The watchword at SFCTS is respect. “Toleration is a dirty word here, because it’s something I do for you,” says the dean. “Our experience is that overlapping gifts and experiences allow for communication. Even respect isn’t enough between Christians, of course—but love takes a lot of doing. Respect is a starting point: we bear in mind that none of us has the final word. We all see in part.”
Respect doesn’t involve minimizing differences. Schoonover can be quite blunt with students whose religious perspective he finds vague. “What in the world are you doing here?” he may ask. “What can we do for you?” But he takes the answers seriously. “We don’t aim to change people’s beliefs, but we do expect them to examine them.”
This approach plays itself out over and over again in class. The current crop of six first-year students in the doctor of ministry program include a Venezuelan-born pastor of an independent fundamentalist church (with members from twenty-three countries), a Haitian Methodist, an Anglo Lutheran parish pastor, an Anglo Presbyterian who works with Church World Service’s Immigration and Refugee program, an Anglo pastor of a United Church of Christ congregation, and a Cuban-American UCC candidate for ordination who arranges cultural immersions highlighting the diversity of Hispanic cultures. They spend every Monday together in classes that begin with student-led prayers that are not at all pro forma.

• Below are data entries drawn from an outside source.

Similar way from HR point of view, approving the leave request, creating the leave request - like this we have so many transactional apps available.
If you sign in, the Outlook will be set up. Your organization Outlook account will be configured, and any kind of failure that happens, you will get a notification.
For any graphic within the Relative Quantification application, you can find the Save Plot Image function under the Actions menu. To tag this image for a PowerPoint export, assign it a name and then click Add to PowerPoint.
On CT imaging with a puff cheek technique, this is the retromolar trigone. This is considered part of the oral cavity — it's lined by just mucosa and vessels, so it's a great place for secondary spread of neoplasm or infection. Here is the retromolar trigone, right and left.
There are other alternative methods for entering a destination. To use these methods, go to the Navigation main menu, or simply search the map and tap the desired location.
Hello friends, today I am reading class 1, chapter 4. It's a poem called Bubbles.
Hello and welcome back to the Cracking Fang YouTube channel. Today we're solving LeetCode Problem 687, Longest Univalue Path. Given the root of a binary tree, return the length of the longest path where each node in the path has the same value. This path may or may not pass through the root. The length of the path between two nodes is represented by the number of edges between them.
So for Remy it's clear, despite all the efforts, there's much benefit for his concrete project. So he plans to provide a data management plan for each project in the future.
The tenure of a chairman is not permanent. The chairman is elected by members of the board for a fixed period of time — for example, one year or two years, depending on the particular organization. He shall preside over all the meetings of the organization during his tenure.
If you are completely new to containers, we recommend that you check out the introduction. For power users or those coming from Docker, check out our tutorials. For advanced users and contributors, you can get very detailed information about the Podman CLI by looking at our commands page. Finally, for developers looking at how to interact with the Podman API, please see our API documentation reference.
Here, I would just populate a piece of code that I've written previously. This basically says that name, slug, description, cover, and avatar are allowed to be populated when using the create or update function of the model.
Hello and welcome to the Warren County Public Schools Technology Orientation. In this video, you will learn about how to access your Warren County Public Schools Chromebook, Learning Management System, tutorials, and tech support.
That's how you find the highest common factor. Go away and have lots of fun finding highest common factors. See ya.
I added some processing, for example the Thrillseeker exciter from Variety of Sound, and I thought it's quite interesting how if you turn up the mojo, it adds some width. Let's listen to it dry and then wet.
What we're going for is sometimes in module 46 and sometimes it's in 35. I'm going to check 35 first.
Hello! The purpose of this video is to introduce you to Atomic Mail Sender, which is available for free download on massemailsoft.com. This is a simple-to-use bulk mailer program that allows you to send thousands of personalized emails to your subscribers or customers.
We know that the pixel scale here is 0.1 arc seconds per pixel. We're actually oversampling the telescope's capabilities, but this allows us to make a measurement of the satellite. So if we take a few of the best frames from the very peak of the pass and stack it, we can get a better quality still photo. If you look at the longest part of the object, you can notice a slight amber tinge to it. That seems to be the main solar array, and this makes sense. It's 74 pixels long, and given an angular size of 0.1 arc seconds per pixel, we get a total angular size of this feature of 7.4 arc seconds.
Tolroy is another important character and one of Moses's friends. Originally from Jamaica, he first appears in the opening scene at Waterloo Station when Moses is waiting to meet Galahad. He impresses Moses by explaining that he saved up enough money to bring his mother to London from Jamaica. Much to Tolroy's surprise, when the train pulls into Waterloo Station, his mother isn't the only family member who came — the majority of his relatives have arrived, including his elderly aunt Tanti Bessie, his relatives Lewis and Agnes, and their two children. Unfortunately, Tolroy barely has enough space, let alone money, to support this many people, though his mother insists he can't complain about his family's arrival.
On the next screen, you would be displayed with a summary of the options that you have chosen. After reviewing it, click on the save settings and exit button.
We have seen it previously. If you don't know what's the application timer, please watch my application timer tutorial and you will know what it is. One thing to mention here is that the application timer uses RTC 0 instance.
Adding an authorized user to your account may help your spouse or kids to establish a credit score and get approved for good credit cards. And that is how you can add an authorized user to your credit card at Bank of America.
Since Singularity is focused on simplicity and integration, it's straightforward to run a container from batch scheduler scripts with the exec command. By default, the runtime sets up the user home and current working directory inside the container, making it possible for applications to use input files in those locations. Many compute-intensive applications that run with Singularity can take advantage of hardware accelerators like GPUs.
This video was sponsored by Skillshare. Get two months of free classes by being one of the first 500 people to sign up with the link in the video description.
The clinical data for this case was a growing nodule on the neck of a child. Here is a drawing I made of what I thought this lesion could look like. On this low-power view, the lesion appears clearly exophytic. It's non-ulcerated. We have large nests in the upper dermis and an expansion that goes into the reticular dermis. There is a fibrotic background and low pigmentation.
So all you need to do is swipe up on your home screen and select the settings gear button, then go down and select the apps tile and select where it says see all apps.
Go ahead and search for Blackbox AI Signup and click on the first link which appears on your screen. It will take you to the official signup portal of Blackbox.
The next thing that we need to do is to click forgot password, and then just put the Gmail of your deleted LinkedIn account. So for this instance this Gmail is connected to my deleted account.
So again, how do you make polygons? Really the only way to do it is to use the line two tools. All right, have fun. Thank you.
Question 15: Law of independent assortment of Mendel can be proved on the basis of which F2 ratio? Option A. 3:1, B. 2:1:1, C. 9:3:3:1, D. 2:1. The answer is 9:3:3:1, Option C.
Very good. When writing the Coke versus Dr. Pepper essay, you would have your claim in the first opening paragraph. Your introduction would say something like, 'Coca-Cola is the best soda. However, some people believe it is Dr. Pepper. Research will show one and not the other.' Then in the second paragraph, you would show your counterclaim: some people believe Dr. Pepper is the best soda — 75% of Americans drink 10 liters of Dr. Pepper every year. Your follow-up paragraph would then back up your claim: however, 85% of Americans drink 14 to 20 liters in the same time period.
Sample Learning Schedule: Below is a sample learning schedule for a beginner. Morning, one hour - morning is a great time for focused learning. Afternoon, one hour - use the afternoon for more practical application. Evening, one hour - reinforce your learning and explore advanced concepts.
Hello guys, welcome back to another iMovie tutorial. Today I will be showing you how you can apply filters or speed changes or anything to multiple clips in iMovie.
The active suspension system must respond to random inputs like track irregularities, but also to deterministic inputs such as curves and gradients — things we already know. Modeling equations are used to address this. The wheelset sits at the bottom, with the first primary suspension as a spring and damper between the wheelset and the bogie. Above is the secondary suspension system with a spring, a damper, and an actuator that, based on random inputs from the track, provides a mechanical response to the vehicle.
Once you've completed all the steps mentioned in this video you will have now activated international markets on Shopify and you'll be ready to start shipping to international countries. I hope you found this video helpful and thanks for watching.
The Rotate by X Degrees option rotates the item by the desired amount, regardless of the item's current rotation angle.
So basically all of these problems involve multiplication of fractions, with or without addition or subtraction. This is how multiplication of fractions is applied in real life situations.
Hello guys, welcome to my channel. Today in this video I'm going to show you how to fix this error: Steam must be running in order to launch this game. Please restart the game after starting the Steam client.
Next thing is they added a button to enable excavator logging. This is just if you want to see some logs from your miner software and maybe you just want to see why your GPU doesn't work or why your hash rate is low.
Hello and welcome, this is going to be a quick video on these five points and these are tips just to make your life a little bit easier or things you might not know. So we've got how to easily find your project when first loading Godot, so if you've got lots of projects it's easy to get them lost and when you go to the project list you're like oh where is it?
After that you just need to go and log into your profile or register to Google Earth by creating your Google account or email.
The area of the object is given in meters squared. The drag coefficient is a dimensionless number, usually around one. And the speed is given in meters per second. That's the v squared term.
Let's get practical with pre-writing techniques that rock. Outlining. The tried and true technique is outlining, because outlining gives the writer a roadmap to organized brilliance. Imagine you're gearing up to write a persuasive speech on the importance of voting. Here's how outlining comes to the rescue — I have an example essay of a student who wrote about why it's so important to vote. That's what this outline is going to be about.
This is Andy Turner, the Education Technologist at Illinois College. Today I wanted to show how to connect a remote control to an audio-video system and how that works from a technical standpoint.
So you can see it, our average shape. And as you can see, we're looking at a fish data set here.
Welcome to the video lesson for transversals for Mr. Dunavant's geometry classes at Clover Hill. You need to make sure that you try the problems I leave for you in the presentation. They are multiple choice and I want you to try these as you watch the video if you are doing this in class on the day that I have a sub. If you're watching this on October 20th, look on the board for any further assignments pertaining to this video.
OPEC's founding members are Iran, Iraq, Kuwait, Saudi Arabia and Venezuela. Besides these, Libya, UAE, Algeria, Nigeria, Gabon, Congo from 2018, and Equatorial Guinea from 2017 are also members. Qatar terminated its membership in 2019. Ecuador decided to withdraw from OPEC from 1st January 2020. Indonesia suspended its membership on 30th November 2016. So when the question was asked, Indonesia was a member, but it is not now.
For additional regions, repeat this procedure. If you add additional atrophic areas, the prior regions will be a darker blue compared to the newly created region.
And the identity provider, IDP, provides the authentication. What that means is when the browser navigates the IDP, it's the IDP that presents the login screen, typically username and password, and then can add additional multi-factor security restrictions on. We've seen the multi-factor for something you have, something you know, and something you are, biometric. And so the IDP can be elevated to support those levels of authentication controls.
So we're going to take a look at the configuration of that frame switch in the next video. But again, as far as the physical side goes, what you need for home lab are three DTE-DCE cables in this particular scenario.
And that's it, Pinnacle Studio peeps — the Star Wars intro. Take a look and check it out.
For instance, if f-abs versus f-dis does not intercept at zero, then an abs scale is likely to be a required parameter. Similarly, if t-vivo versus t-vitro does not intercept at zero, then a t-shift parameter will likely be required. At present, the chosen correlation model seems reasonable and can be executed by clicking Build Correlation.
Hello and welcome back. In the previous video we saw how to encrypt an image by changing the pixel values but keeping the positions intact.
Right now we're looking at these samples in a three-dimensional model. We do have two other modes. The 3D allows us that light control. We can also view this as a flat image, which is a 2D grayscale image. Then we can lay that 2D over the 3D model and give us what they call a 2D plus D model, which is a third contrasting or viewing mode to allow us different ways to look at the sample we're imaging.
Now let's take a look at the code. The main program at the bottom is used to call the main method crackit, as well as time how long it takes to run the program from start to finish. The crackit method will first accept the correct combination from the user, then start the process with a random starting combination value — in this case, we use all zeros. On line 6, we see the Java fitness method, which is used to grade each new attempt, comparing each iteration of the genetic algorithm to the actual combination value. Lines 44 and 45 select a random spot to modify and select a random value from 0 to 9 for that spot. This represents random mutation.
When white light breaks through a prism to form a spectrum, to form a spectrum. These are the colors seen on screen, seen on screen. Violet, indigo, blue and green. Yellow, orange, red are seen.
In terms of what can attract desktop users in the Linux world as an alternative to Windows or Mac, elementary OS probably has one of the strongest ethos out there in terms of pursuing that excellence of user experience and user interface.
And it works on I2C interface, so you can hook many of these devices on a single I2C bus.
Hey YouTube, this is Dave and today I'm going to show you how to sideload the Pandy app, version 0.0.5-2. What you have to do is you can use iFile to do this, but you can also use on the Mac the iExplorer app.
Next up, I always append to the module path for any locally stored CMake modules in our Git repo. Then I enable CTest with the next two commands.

On a recent Monday two members of the class left quickly, on their way to demonstrations before a Dade County Commission vote on gay rights—and they were demonstrating on opposite sides of the issue. Mari Castellanos admits that the Christian Coalition scares her, and she finds it “very difficult to be in such an intimate classroom setting with one of them.” For his part, Gerardo Van Dalen says that while “I love and respect Mari as a theologian in her own right,” his reading of scripture identifies homosexuality as wrong. As one of the more conservative students at the school, he says, “I feel comfortable. Most faculty don’t agree with my point of view, but they respect it. They’re all the time asking me, ‘How’re you doing?’ And it’s not contrived. I love them in Christ. I have to. I have a commandment. But along the way, I’ve become real fond of them, too.”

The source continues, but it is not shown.